Although the Streamlined Sales Tax Plan (a deal between up to 38 US states to simplify sales tax definitions and rates to allow efficient collection of sales taxes on-line) has yet to be passed into law by the majority of the participating states, it is now overwhelmingly likely that the SSTP will go into effect, and that the necessary Federal legislation to unblock cross-border sales tax collection will take place - and this has led a group of major 'bricks-and-clicks' retailers to begin voluntarily collecting sales taxes on their national sales.

With or without the SSTP, the problem for a major retailer with outlets in all or most states, and which collects sales taxes at all of its outlets (because sales are intra-state), is that its on-line associate or subsidiary only has physical location ('nexus') in a small number of states, and can therefore theoretically dodge collection of tax on sales to states where it doesn't have nexus. But theory is one thing, and there is a perpetual worry that some court will eventually decide that the distance between bricks and clicks isn't wide enough to gain tax exemption.

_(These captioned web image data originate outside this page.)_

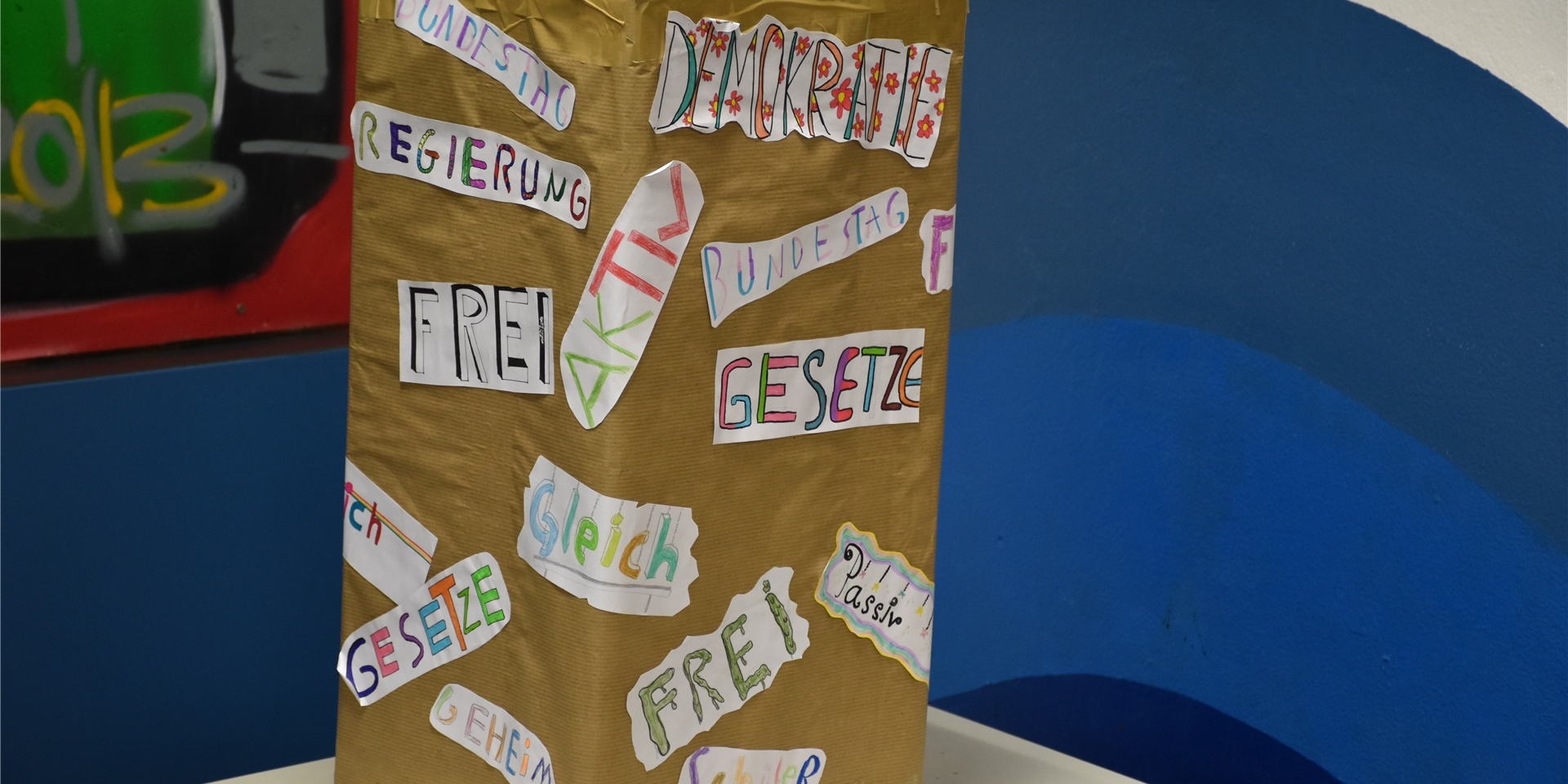 Eine Wahlurne der U18-Wahlen, die Schüler der 5. und 6. Klassen an der Alexander-Lebenstein-Schule gebastelt haben.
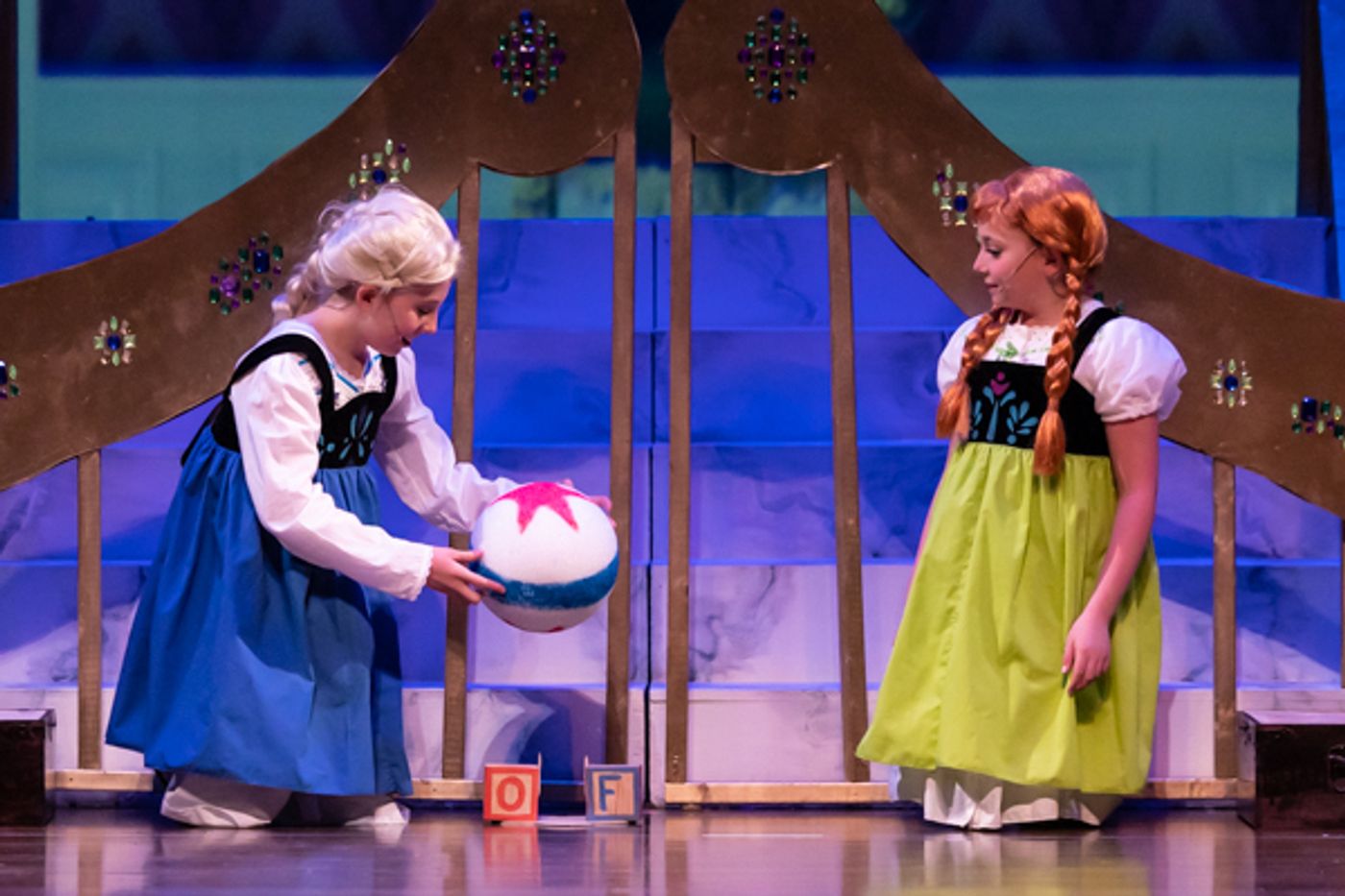 Photos: New Albany Middle School Theatre's FROZEN JR. Photos: New Albany Middle School Theatre's FROZEN JR. Image
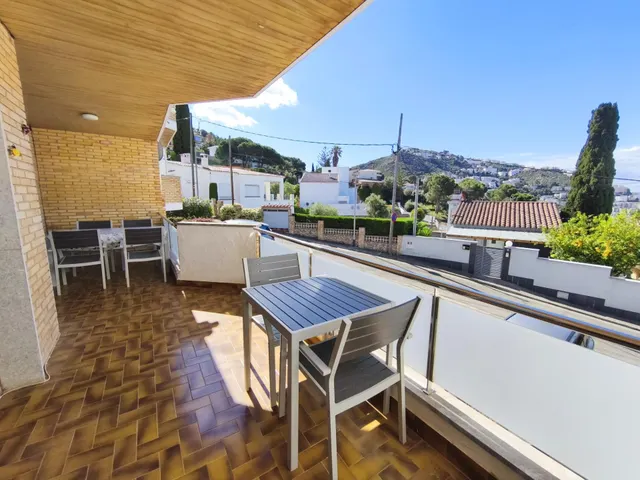 Apartamento 3 habitaciones 128m² en venta - Puig-Rom — 38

So, anticipating a successful SSTP round (to be followed by legislation striking out the 1992 prohibition on taxation of inter-state sales) the retailers have decided to polish their public images and help the states, who are currently battling budget deficits, by beginning collection of taxes on-line. recent surveys have also suggested that consumers are not perhaps quite so aware of tax/no-tax as a choice point as had been supposed. Anyway, that's what the big retailers are choosing to believe. But does trust-busting legislation apply to a cartel that agrees to pay taxes voluntarily? Small retailers would wish it so, because they complain that the big guys have administrative systems that allow them to collect taxes more efficiently, and this amounts to unfair competition.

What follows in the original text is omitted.